Tuning llama.cpp Batch Sizes on Intel Arc Pro B60

2026-05-08

llama.cpp ships with -b 2048 -ub 512 as the default. On a single-user Intel Arc Pro B60 (Battlemage G21, 24 GB) running the SYCL backend, that default leaves 25-30% of prompt processing throughput on the table for MoE models, and about 8% for dense ones.

The fix is one line: -b 4096 -ub 2048. The interesting part is why the knee sits there, and why pushing one notch further (-ub 4096) makes long-prompt MoE inference fall off a cliff.

TL;DR

For single-user, prompt-heavy workloads (coding agents, long-context Q&A) on an Intel Arc Pro B60 using SYCL:

Use -b 4096 -ub 2048 for both Qwen3-4B (dense) and Qwen3.5-MoE 35B-A3B (with -ncmoe 4).
vs. the default -b 2048 -ub 512: roughly +8% PP on the dense 4B, +25-30% PP on the MoE.
Do not use -ub 4096 on the MoE — long-prompt PP collapses (377 -> 195 t/s, and 348 -> 57 t/s at d=8k) with large variance, consistent with FA-scratch-buffer pressure.

What `-b` and `-ub` Actually Do

-b is the logical batch: the maximum number of prompt tokens llama.cpp will buffer before handing work to the backend. -ub is the physical chunk size: the number of tokens actually submitted to the GPU in one kernel launch.

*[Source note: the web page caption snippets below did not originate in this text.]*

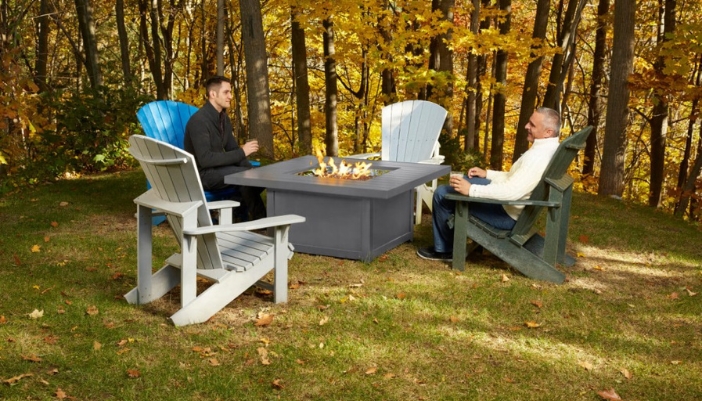 Older man and sun around a Napoleon firepit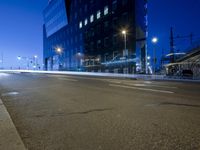 an empty city street and lights and a building with glass doors on both sides of the street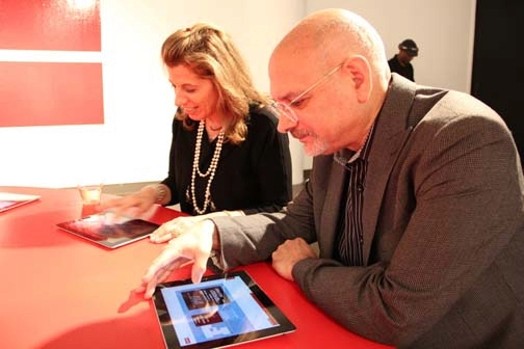 Two people sitting at the table watching content on a tablet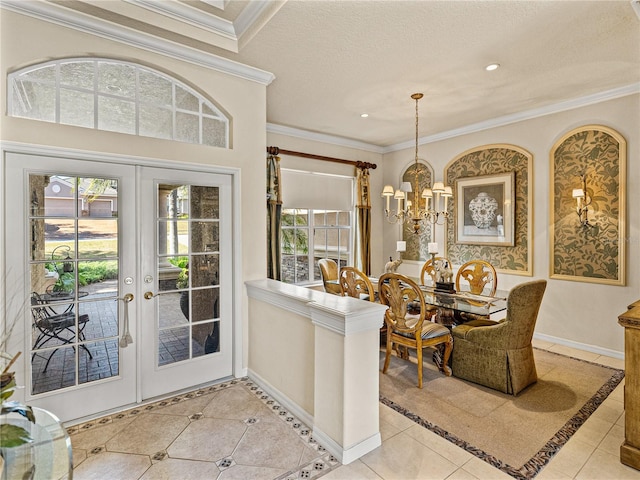 dining area featuring a chandelier, light tile patterned flooring, baseboards, french doors, and crown molding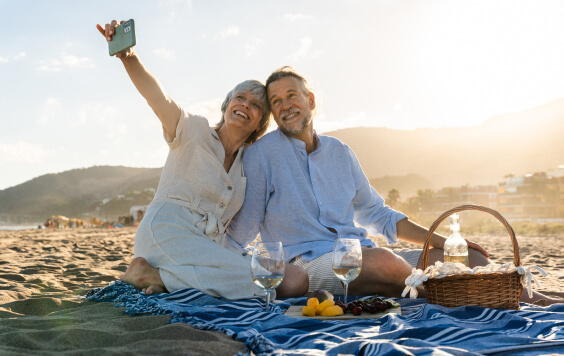 Beautiful happy senior couple dating at the seaside during summertime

For a single inference stream, -b only matters insofar as -b >= -ub. There’s no benefit beyond that. -ub is what the GPU sees, and it’s what governs prompt-processing throughput. Larger chunks mean better GPU utilization — until the kernel saturates, or until Flash-Attention’s scratch buffer starts thrashing the allocator.

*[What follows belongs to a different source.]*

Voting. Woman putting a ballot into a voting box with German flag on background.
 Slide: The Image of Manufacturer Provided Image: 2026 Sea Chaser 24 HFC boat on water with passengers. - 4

For llama-server running K parallel slots, the picture changes: set -b = K * ub so each decode step can pack a full chunk per slot.

System Under Test

Component	Spec
GPU	Intel Arc Pro B60 (Battlemage G21), 24 GB VRAM
GPU driver	Level Zero V2 1.14.37020, Compute Runtime (NEO) 26.05.037020
CPU	AMD Ryzen 9 3950X (16 cores / 32 threads, boost 4.76 GHz)
RAM	64 GB system memory
Kernel	Linux 6.19.13
Toolchain	Intel oneAPI DPC++/C++ Compiler 2026.0.0
llama.cpp	`master` at `fa8feaed3`
Models	Qwen3-4B-Instruct-2507 UD-Q4_K_XL (2.37 GiB); Qwen3.5-MoE 35B-A3B UD-Q4_K_M (20.6 GiB)

Hypotheses Going In

-ub governs PP throughput. Larger -ub improves GPU utilization until the kernel saturates or memory pressure kicks in.
-b only matters insofar as -b >= -ub. With one stream, no benefit beyond that.
Token generation is unaffected by either.
On fa-overhead-sycl, Flash-Attention scratch scales with -ub. There should be an upper edge of -ub past which allocator overhead and memory pressure dominate, and throughput regresses.
MoE with -ncmoe N should be more sensitive to -ub than dense, because every chunk pays expert-routing and CPU-offload overhead. Small chunks amortize that overhead across fewer tokens.

Methodology

Tool: llama-bench from master (fa8feaed3).

Per-model sweep matrix:

-p {512, 2048, 8192} — short / medium / long prompts
-ub {256, 512, 1024, 2048, 4096} with -b 4096 pinned (so -b never constrains -ub)
-d {0, 8192} — cold context vs. mid-depth
-n 0 — pure PP, no TG
-r 2

Common flags: -fa 1 -ctk q8_0 -ctv q8_0 -ngl 999. MoE adds -ncmoe 4 (top 4 layers of expert weights kept on CPU; 24 GB VRAM does not fit the full 35B model otherwise).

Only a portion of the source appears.